Airsoft: Killerspiele im Büro

Bis zu 25 Meter weit sollen die 12 weichen Plastikkügelchen aus der Airsoft Handgun (für 9,99 Soft-Dollar) fliegen können. Manchmal reicht es einfach nicht, seine Bürokollegen im Counterstrike-Match an die Wand zu brettern, manchmal muss man den Laserpunkt direkt auf die schwitzende Stirn des Sachbearbeiters aus den zweiten Stock richten und kaltlächelnd abdrücken. Ja, richtig, mit Laserzieldings.
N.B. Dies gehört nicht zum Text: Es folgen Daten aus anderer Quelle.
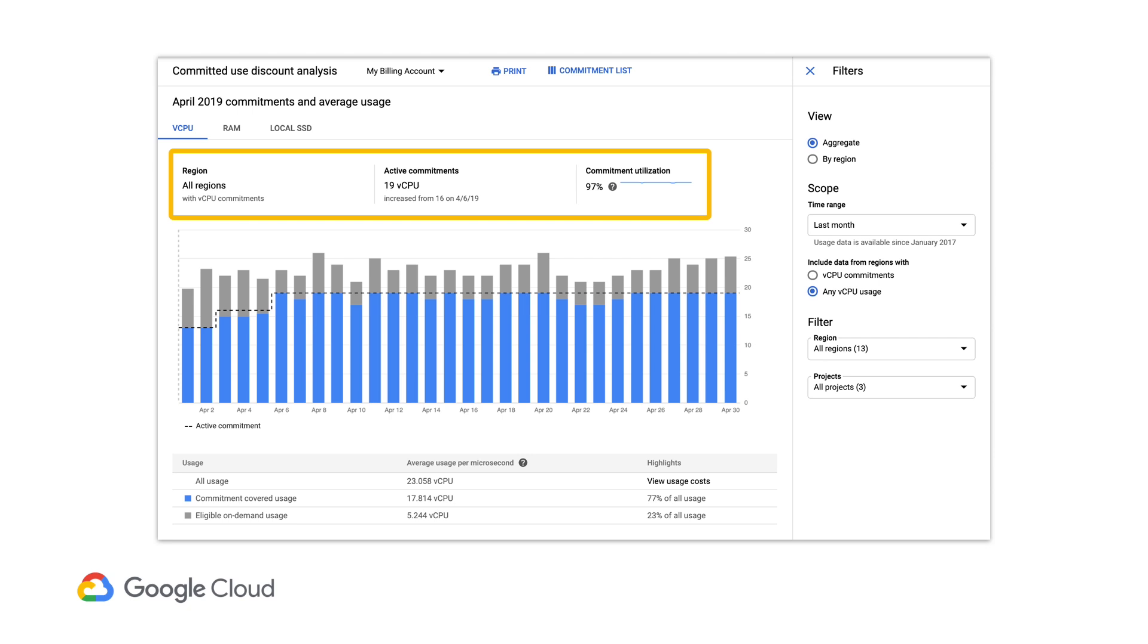The right side shows you the utilization of your commitments by comparing the amount of eligible usage being covered by your commitments to the total number of commitments that you have. You can also hover over the question mark for the specific resource counts.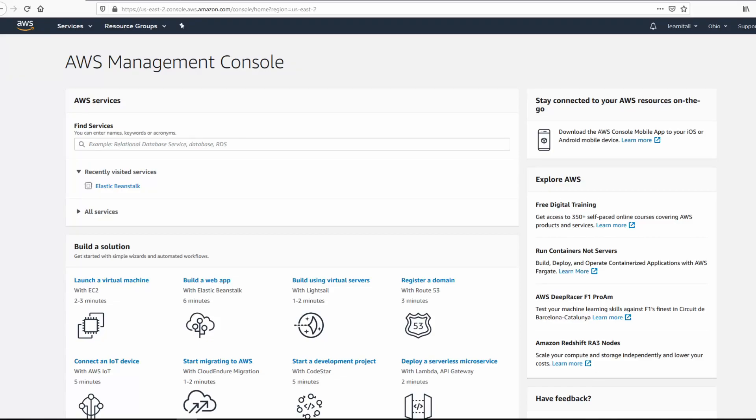Hello and welcome to Learn It All. In the previous video we saw how to host a static website on AWS using Elastic Beanstalk, and in this video we're going to learn how to host a dynamic website using Elastic Beanstalk.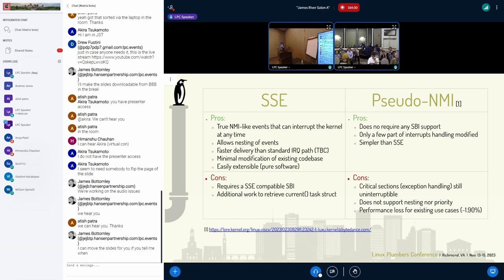A quick pros and cons for SSC versus pseudo-NMI: currently a pseudo-NMI series was submitted which does not address everything we want to address with SSC. One advantage of SSC is that it's a true NMI-like event — we can interrupt the kernel at any time, even during the early exception path. It also allows nesting events on top of each other and we have a faster delivery time than standard IRQs — to be confirmed later. There is also minimal modification of the existing code base, as SSC support is purely additive. We don't modify any IRQ masking, and it's easily extensible as a pure software implementation, allowing new events to be added.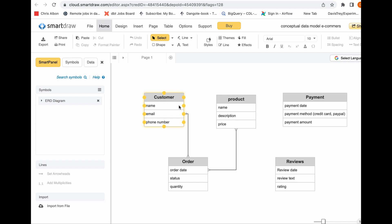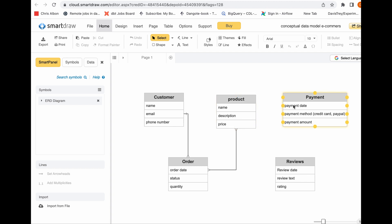For a customer entity, the attributes would be customer name, customer email, customer phone number, and customer address. For orders, you would have the order date, the status, and the quantity. For products, you have the product name, product description, and product price. For payment entities, you have the payment date, payment method, and payment amount. And for reviews, you have the review date, review text, and ratings. These are the entities and their attributes.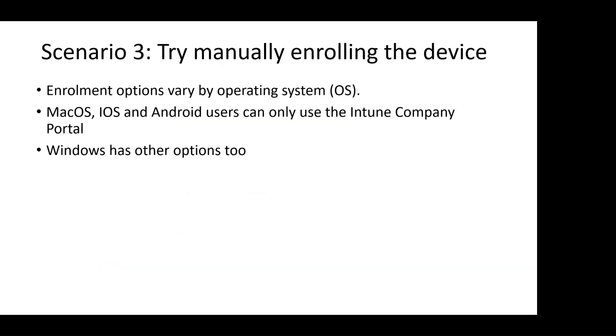If automatic enrollment didn't work, we can try to manually enroll the device in Intune. Enrollment options vary by operating system. macOS, iOS, and Android users can only use the Intune company portal. However, Windows users can use Intune company portal or the add work or school option from Windows settings.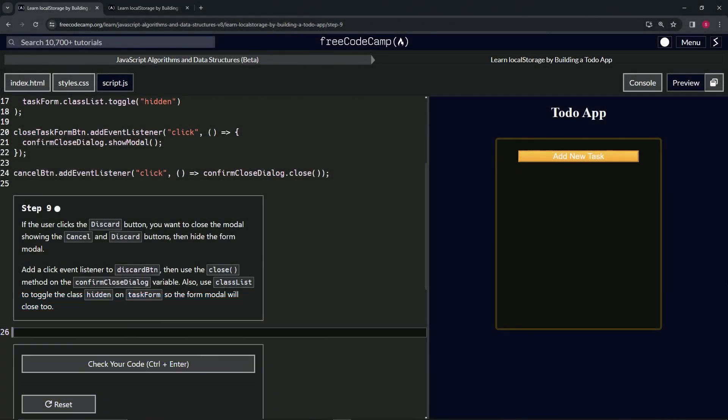All right. Now we're doing FreeCodeCamp, JavaScript algorithms and data structures beta, learn local storage by building a to-do app.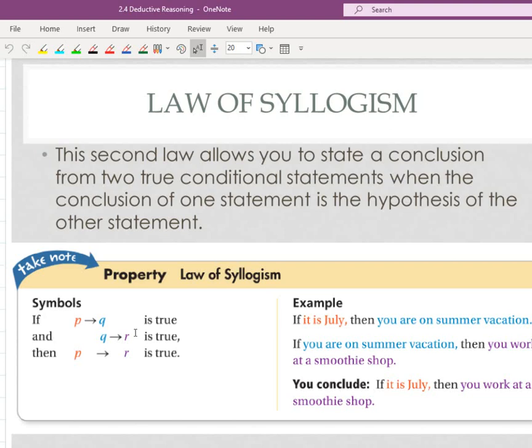Okay, folks, this is going to be picking up with section 2.4, the second half of it. We're talking about the law of syllogism. First we're talking about the law of detachment. Previously announced the law of syllogism.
Da seht ihr mal, was diese ständigen Killerspielediskussionen aus uns machen. [fe]

[via uncrate]

  1. Die „waffe“ zu bestellen würde unter Umständen noch gehen (je nach Stärke)
    Allerdings nicht mit dem Laserzielgerät sonst bekommt man u.U. ganz schnell Ärger mit dem Staatsanwalt, denn:
    Zielhilfen welche das Ziel „Illuminieren“ sind (in Deutschland zumindest) illegal. Ja, auch wenn:

    1. …diese nur auf einer besseren „Erbsenpistole“ montiert sind
    und
    2. …ihr einen Waffenschein hättet (aber dann wüsstet ihr das bereits.)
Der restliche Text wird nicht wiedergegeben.